### [Task to carry out]
Your answer is the lines below, exactly, from the one that contains "AWEI C16-EU 5" through the one that contains "TX license plate BFV4765", both included.
--- Data shown Enclosed Below ---
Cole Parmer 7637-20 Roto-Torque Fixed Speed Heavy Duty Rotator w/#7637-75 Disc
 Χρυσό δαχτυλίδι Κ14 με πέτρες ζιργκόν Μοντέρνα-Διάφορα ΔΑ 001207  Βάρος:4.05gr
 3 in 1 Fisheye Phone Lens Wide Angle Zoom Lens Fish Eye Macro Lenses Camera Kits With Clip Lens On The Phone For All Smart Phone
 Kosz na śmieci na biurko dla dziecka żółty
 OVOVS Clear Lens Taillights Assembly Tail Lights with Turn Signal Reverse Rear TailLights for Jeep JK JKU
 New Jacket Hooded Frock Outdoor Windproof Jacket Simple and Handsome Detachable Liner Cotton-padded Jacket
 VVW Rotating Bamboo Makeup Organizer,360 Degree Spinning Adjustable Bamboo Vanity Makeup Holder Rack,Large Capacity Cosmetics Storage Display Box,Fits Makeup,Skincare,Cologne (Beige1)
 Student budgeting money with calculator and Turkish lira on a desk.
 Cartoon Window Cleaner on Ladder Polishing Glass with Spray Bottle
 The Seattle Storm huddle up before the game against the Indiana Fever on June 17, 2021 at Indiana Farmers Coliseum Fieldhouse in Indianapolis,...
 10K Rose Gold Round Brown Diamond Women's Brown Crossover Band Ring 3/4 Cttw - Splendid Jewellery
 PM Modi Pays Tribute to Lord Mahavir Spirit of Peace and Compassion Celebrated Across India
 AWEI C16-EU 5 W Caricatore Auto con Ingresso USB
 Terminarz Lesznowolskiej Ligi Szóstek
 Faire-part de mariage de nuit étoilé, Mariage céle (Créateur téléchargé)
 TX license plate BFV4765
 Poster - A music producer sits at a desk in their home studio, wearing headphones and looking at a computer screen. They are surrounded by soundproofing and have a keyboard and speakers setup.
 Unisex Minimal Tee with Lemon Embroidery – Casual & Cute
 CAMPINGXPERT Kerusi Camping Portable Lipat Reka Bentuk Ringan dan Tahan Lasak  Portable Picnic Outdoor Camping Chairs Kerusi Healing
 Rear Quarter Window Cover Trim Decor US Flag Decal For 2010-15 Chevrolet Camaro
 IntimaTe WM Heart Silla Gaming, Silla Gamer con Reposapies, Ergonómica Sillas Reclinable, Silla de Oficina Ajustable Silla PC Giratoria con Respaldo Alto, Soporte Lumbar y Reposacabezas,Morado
--- End of Enclosed Data shown ---
### [Answer for the task]
 AWEI C16-EU 5 W Caricatore Auto con Ingresso USB
 Terminarz Lesznowolskiej Ligi Szóstek
 Faire-part de mariage de nuit étoilé, Mariage céle (Créateur téléchargé)
 TX license plate BFV4765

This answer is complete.